Le cadavre, dur comme une planche, fut projeté en l’air et alla cogner violemment les parois du camion.
Un des parachutistes volontaires s’avança vers les croque-morts. Le visage blême de haine, il leur dit: «Recommencez encore une fois comme cela, et je vous fais sauter la cervelle!».
Les autres ne répondirent pas. Mais ils soulevèrent délicatement le corps suivant et le posèrent doucement dans le camion comme si c’était encore un homme.» (Pg. 502-503).

Assurément un des meilleurs livres sur la Deuxième Guerre Mondiale qu'il m'ai été donné de lire!..
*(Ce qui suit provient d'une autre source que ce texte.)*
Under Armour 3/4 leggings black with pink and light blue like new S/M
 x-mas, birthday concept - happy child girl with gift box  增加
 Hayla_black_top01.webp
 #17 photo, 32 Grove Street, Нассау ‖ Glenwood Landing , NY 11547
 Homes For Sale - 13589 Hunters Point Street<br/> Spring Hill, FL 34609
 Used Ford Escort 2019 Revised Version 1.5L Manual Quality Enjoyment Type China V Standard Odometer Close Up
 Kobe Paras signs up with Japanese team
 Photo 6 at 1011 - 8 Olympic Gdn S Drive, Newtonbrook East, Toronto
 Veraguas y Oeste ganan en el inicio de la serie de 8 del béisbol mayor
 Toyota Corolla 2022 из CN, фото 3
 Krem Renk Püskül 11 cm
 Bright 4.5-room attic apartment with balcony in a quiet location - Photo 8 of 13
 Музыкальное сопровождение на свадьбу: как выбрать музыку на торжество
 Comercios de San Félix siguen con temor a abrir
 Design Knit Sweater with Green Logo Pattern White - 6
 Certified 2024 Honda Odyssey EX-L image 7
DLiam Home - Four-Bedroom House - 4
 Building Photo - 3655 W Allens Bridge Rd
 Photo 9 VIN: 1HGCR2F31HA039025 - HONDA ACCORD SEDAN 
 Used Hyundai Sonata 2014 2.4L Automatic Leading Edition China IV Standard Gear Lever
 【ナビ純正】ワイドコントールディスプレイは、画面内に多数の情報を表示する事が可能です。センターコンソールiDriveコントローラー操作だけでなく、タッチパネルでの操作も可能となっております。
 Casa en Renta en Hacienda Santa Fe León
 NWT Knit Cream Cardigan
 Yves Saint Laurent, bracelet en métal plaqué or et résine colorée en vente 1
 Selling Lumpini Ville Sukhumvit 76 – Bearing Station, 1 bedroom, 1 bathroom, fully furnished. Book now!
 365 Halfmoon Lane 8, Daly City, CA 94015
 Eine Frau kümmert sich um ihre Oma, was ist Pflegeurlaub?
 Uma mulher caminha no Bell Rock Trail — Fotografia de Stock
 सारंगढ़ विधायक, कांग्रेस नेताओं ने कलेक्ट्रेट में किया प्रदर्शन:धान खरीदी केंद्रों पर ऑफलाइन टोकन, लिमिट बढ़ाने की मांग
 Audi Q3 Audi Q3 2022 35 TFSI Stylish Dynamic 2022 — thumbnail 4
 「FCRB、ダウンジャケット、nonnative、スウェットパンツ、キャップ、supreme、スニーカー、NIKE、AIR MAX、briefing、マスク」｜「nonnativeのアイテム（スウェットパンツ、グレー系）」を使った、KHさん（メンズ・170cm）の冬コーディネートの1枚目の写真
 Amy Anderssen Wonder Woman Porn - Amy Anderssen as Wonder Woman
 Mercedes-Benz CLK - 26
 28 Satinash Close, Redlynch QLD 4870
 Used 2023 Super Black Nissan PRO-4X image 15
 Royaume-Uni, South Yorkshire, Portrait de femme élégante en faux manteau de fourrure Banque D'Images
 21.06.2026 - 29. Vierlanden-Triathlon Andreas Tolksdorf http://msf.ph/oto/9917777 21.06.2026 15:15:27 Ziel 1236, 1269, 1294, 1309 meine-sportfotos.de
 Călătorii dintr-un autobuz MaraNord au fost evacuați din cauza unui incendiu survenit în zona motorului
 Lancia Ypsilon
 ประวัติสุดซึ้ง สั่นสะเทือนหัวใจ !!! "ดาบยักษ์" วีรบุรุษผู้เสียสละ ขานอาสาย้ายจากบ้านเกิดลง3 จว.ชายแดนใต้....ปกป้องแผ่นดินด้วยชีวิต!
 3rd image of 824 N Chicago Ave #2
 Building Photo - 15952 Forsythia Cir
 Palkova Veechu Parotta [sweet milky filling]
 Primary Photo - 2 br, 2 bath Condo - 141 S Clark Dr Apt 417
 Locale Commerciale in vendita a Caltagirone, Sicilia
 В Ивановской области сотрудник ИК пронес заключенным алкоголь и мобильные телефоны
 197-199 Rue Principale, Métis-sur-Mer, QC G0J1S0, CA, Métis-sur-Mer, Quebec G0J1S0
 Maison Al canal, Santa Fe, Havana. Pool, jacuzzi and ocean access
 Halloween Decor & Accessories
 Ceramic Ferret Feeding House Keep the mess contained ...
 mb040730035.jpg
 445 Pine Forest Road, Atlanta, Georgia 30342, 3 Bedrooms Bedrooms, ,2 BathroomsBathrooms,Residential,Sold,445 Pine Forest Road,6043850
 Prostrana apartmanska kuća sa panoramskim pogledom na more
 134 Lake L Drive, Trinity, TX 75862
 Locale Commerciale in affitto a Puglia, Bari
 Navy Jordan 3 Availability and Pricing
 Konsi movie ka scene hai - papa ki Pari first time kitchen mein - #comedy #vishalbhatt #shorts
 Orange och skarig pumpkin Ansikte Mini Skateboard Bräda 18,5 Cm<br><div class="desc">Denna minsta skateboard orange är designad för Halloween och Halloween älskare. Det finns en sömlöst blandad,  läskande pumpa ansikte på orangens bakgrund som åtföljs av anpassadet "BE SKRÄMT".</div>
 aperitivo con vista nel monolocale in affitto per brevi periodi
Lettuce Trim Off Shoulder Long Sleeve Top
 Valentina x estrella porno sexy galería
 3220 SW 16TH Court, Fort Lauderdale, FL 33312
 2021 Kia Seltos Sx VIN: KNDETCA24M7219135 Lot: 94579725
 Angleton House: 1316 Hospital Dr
P.S. : Pour ceux qui l’auraient vu, oubliez le film La Bataille des Ardennes (Battle of the Bulge, 1965) du réalisateur américain Ken ANNAKIN (1914 – 2009)! Malgré son casting cinq étoiles, - avec entre autres, Henry FONDA, Telly SAVALAS, Charles BRONSON, Robert RYAN -, etc… Et malgré son côté spectaculaire, s’avère n’être qu’une... Très mauvaise reconstitution des faits historiques! Et avec très peu de pertinence! Il y a notamment des erreurs dans les dates, les lieux, les batailles, le matériel, les événements et leur tournure, et même les noms des personnages ayant vraiment existé!
Ainsi p. ex. le Colonel SS nazi Hessler (interprété par l’acteur britannique Robert SHAW), s’appelait en réalité Joachim PEIPER (1915 – 1976, 6e Armée de panzer SS), et ne décéda pas dans les circonstances que l’on voit dans le film, puisque cette bataille n’eut jamais lieu dans la réalité!